It’s been a dispiriting few weeks for women’s representation. Outstanding women candidates for the Labour leadership, deputy leadership and London mayoral candidacy were beaten by men, compounded by no women being appointed by Corbyn to shadow the great offices of state. Men once again dominated the dissolution honours list, with 28 of the 45 new Peerages (63%) going to men. The fact that men were not quite as dominant in the Lib Dem list (55%) as that of the Conservatives (62%) or Labour (75%) is no cause for celebration in a party with no women MPs.
We should certainly celebrate the women playing leading roles in our campaigns for next May’s elections – Caroline Pidgeon as our London Mayoral candidate, Katy Gordon fighting for a key Lib Dem gain in the Scottish Parliament, and Kirsty Williams as our inspiring leader in Wales.
We also need to harness the momentum of our new leader and 20,000 new members to drive a cultural change throughout the party.
Philosophically, the Liberal Democrats are absolutely in the right place: valuing the individual, protecting freedom and celebrating difference are at the very heart of our constitution and founding principles. Practically, we need to ensure our actions make that a reality within the culture of the party.
A commitment to diversity needs to be embedded across structures, processes and all that we do. Candidates are important of course, as the public face of the party, but it goes much wider and deeper than that.
Whatever your views on all-women shortlists and whatever the party decides on that one small part of this debate, we can’t afford to continue with the complacent thinking that suggests there is only a problem in the lack of diversity of our parliamentary candidates or that there is a single, easy solution. Like the arguments about boardroom quotas, it can end up being a distraction. Even if implemented, all-women shortlists alone would be insufficient, failing to tackle the underlying problems. And obviously just choosing not to go down the quota route doesn’t take us any further forward. So either way, we need to develop a broad range of practical steps, and I’d rather we focused the bulk of our energy and debate on what they should include.

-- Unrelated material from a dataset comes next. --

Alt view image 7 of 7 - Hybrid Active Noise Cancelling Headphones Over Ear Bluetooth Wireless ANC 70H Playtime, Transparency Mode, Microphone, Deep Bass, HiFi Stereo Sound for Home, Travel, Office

Party staff, local party officers, national committee members, conference attendees, speakers at conferences, informal advisers – we need to be looking at all of these groups and more. Figures on the diversity of these varied groups, and on pay, promotion and retention rates, must be collected and analysed on a regular basis. Data is key to help us analyse where we are doing well, and less well, and work out an action plan. There is a strong case for us publishing it too – the same arguments apply to a political party as a business, public scrutiny of the figures will help to focus minds.

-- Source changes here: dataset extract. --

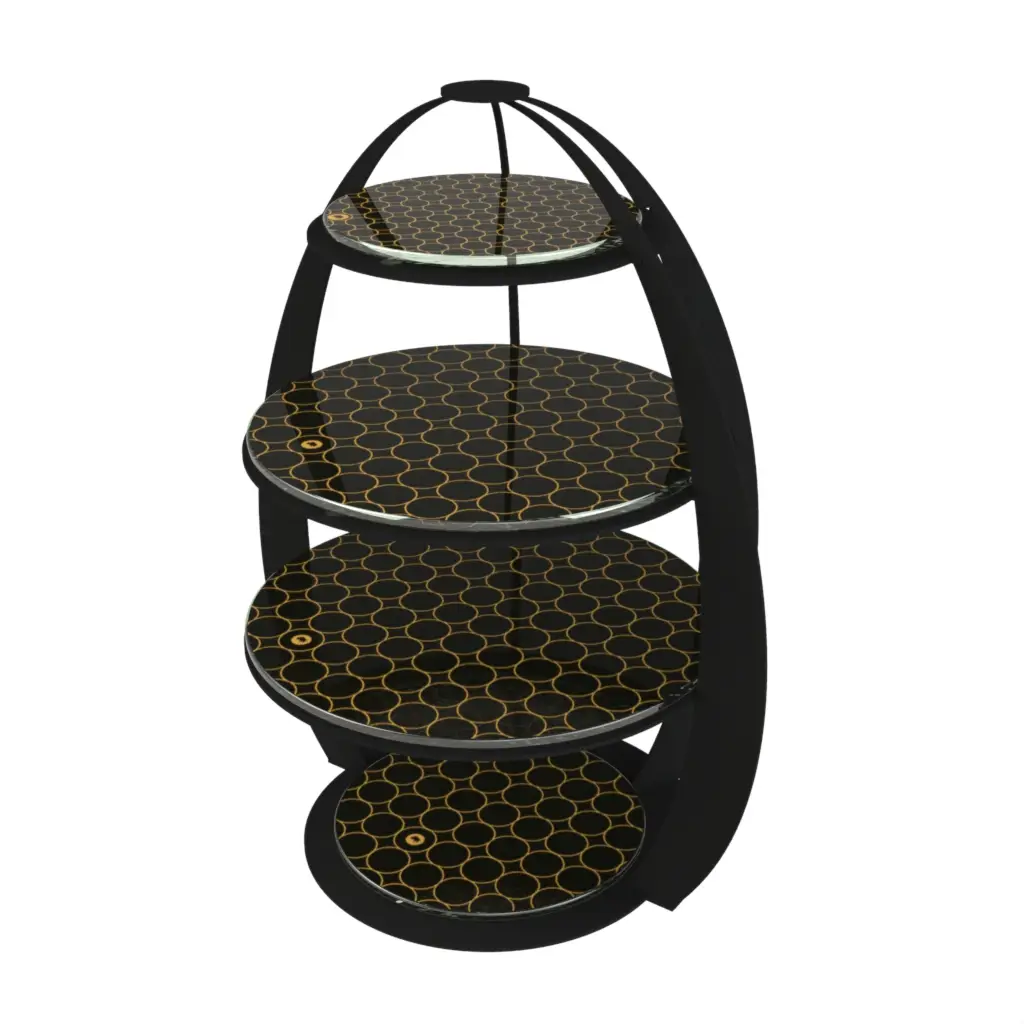 High Tea Plate Stand in Raven Black - Tea Stands - 3/4 View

The specific actions we need to take should be informed by what we learn, but could include increasing awareness of unconscious bias, undertaking an equality impact assessment of policies, improving succession planning, trialing measures to secure better balance at conference, addressing financial barriers, overhauling recruitment practices, and many more ideas. So instead of obsessing about the quota debate, let’s look more creatively at the bigger picture and focus on what we will do to change it.